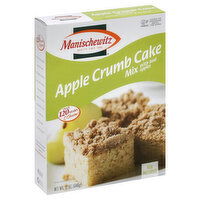 Manischewitz Cake Mix, Apple Crumb, 12 Ounce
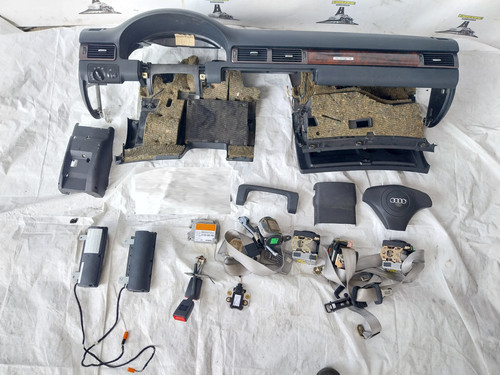 Kit airbag cruscotto audi - kit,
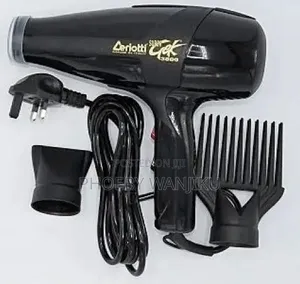 GEK Professional Hair Dryer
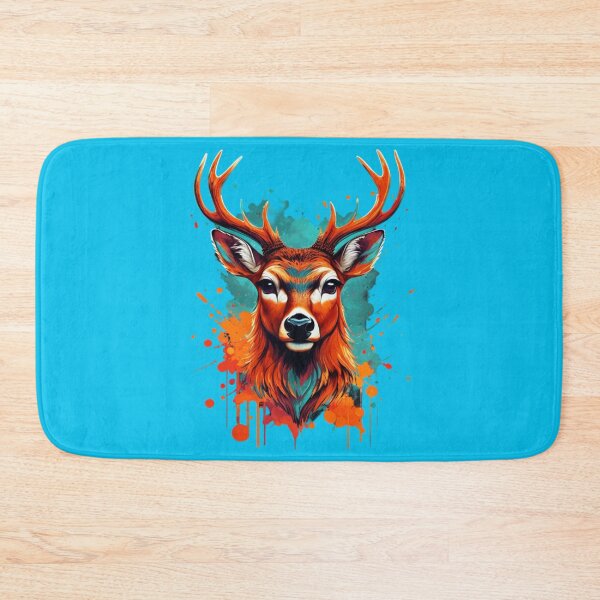 Item preview, Deer Head designed and sold by Aise06.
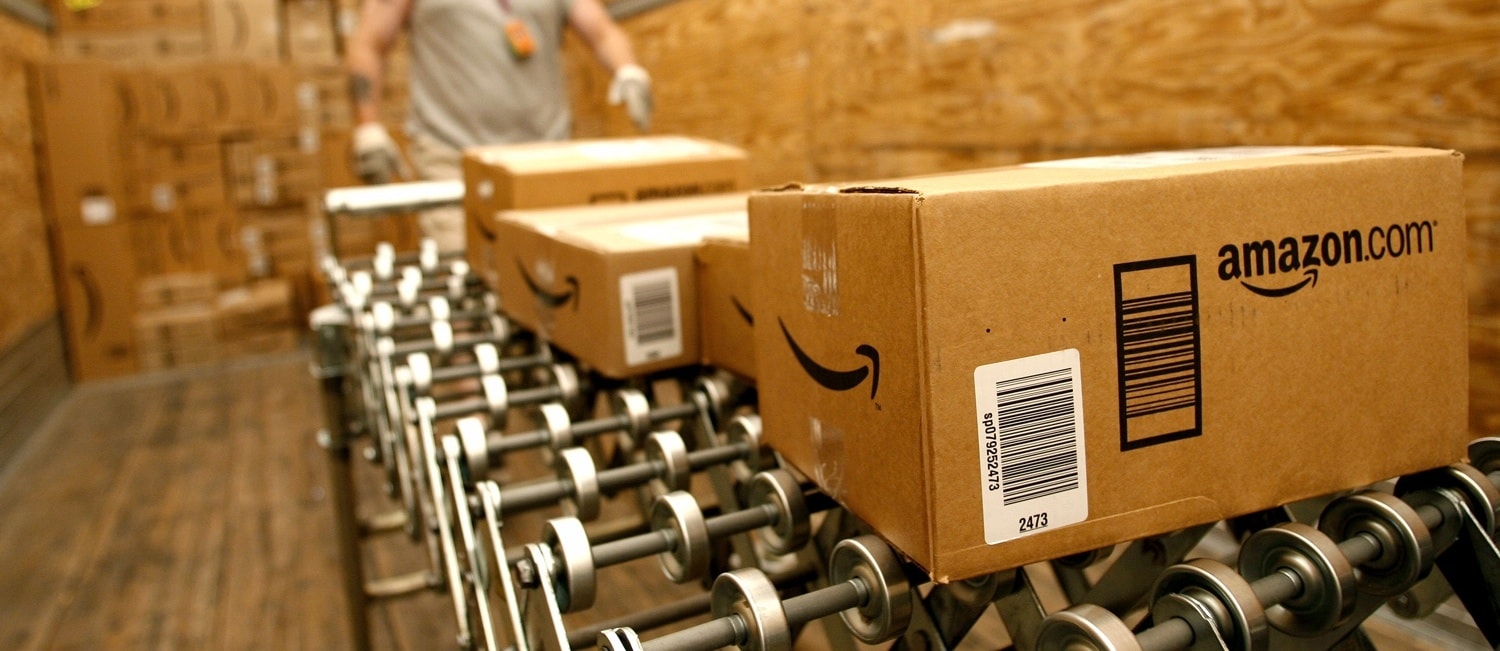 Amazon orders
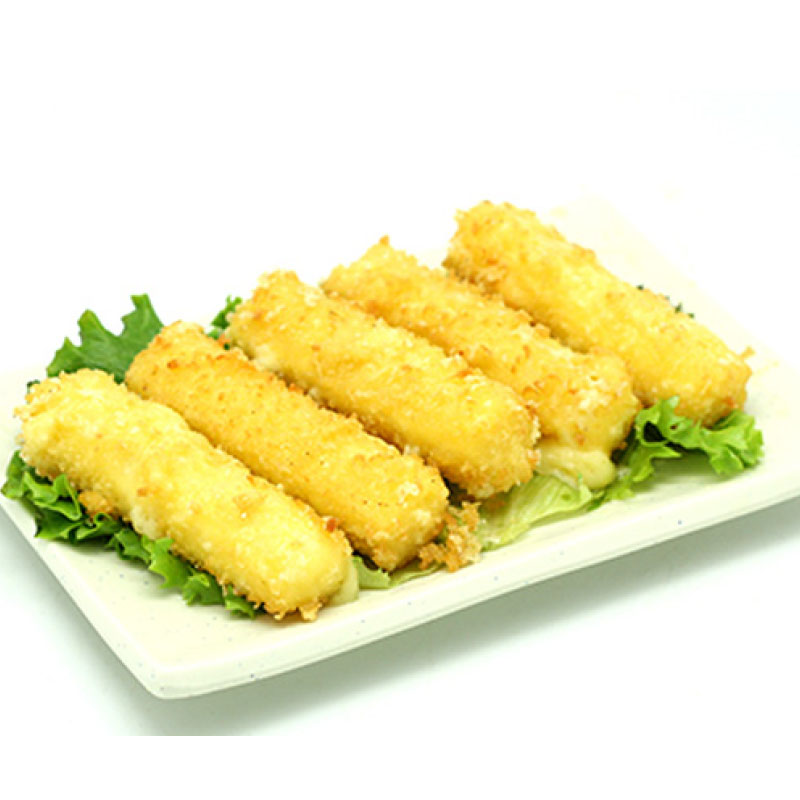 E19 Tempura fromage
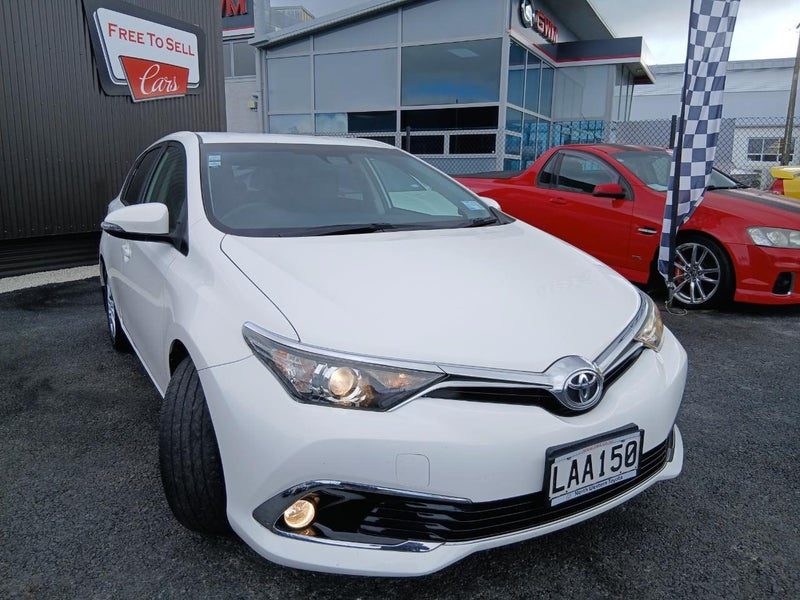 2017 Toyota Corolla GLX 1.8P/CVT, photo 3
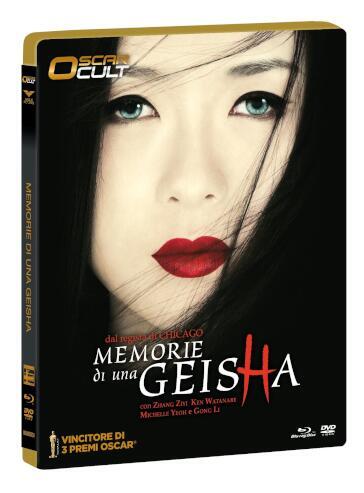 Memorie Di Una Geisha (Blu-Ray+Dvd) - Rob Marshall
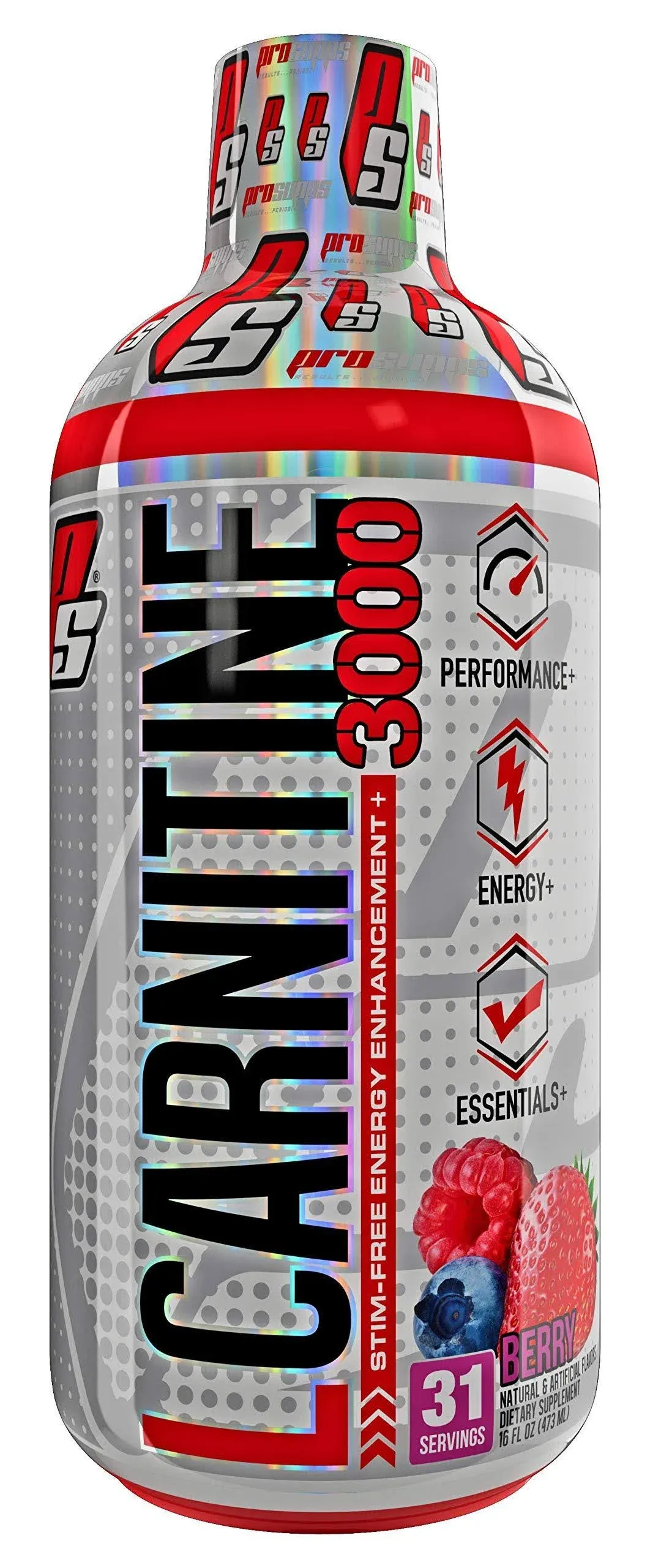 L-Carnitine 3000 Dragon Fruit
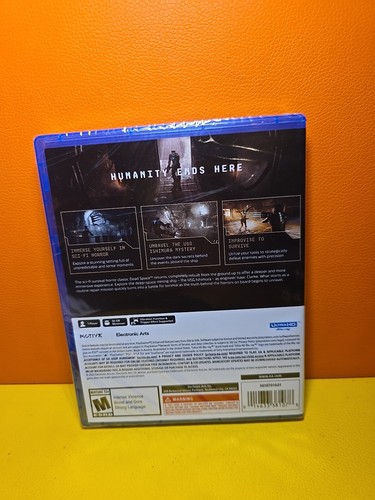 Dead Space - PlayStation 5 (PS5 - NEW) Loose Disc - Picture 2 of 2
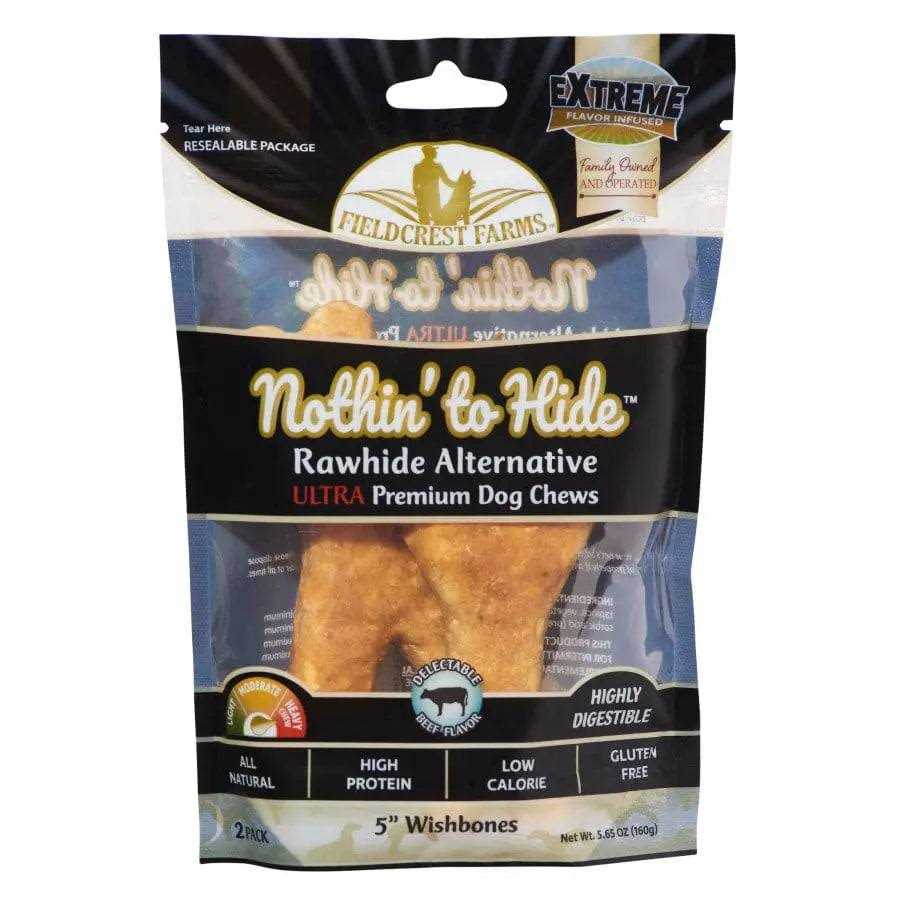 Beef Wishbone Dog H762657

- - -

REQUIRED ACTION:
Your copy of the records must be exact and must contain no pictures.

EXERCISE RESPONSE:
 Manischewitz Cake Mix, Apple Crumb, 12 Ounce
 Kit airbag cruscotto audi - kit,
 GEK Professional Hair Dryer
 Item preview, Deer Head designed and sold by Aise06.
 Amazon orders
 E19 Tempura fromage
 2017 Toyota Corolla GLX 1.8P/CVT, photo 3
 Memorie Di Una Geisha (Blu-Ray+Dvd) - Rob Marshall
 L-Carnitine 3000 Dragon Fruit
 Dead Space - PlayStation 5 (PS5 - NEW) Loose Disc - Picture 2 of 2
 Beef Wishbone Dog H762657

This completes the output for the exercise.